日本人の行動性向に「言霊」という概念を持ち込んで、当方的には「ほーっ」と稀代の理論を教えもらったような気がしていたのだが、「江戸幕府」という日本が世界に誇る安定政権が「安定」していた仕掛けと、それが日本の現代にまでもたらした悪癖といったところまで論及しているのが本書。
構成は
第1章 幕藩体制と危機管理 ー 徳川家康のグランドデザイン
なぜ「徳川三百年の泰平」は到来したのか
なぜ薩長の江戸攻略は不可能だったのか
なぜ水戸徳川家は「天下の副将軍」と言われたのか
第2章 平和崩壊への序章 ー 朱子学という劇薬の作用
なぜ幕府は最後まで開国を渋ったのか
なぜ田沼政治を「改革」と呼ばないのか
第3章 黒船とは何だったのか ー 幕府と薩長土肥の明暗を分けたもの
なぜ日露友好は夢物語に終わったのか
なぜ幕府は黒船の問題を先送りにしたのか
なぜアメリカは日本との通商を熱望したのか
なぜ朱子学では外国から学ぶことが悪なのか
第4章 ペリーが来た ー 連鎖する日本人の空理空論
なぜ「ペリーは突然やってきた」が歴史常識になったのか
なぜ攘夷派は目の前の現実を無視し続けたのか
なぜ明治革命ではなく明治維新なのか
となっているが、筆者の「今の◯◯」はけしからん編まで読みたい人は最後まで、「日本人の心理構造にはこんなからくりが」ってなとこで良い人は第3章ぐらいまで、といったところか。
で、本書のキーワードは「危機管理」と「朱子学」
最初の「危機管理」は徳川家康が、徳川幕府が攻め滅ぼされないために講じた「ハード」の側面で、仮想的である薩摩、長州をはじめとした西国大名から、江戸を守り抜く、熊本城、小倉城、広島城、そして駿府。脱出先としての甲州といった武張った防衛論が語られるのが第1章である。「戦国BASARA」的な活劇が本旨という人はこのあたりで満足かもしれない。

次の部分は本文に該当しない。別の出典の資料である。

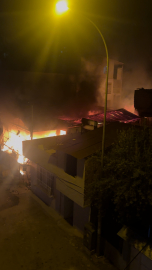 İki katlı prefabrik ev, yangında küle döndü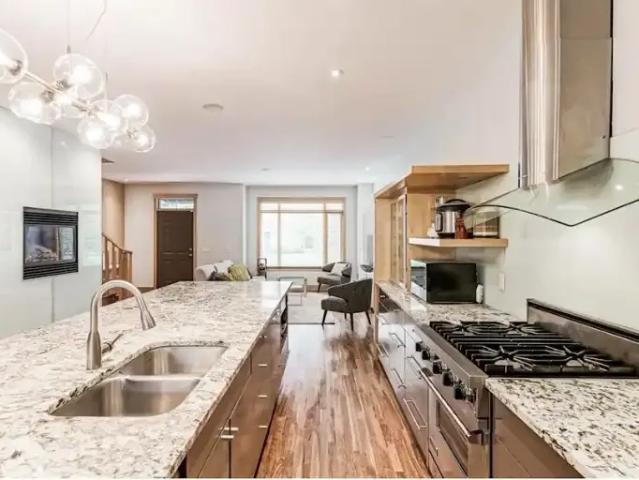 4 Bedroom Townhouse Calgary AB 101773033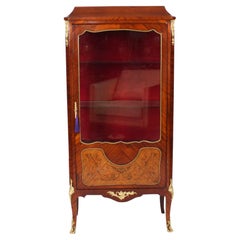 Antigua Vitrina Francesa de Madera de Nogal Montada en Ormolu Circa 1920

ただ、本書の真骨頂は第2章からと、当方は思っていて、家康が幕府防衛のためにとった最終ウェポンである「朱子学」が語られるところは、「ほうっ」と思わず嘆息する。
というのも、徳川幕府がその体制維持のため、「士農工商」という身分制度を今日こに保ち、上下の関係の厳しい道徳を維持したことや、水戸徳川家が勤王家であった理由などは、いろんなところで論説があるのだが、その身分制度を維持する「名分論」が徳川幕府 にとって諸刃の刃となったあたりや、幕末の開国騒ぎとそれにつづく倒幕も「朱子学」がもたらした失策であったといったところは審議は別にして、歴史モノとしてはワクワクすること請け合いである。
人によって好き嫌いはあるかもしれないが、「異説」の面白さというのはそそるもんでありますな。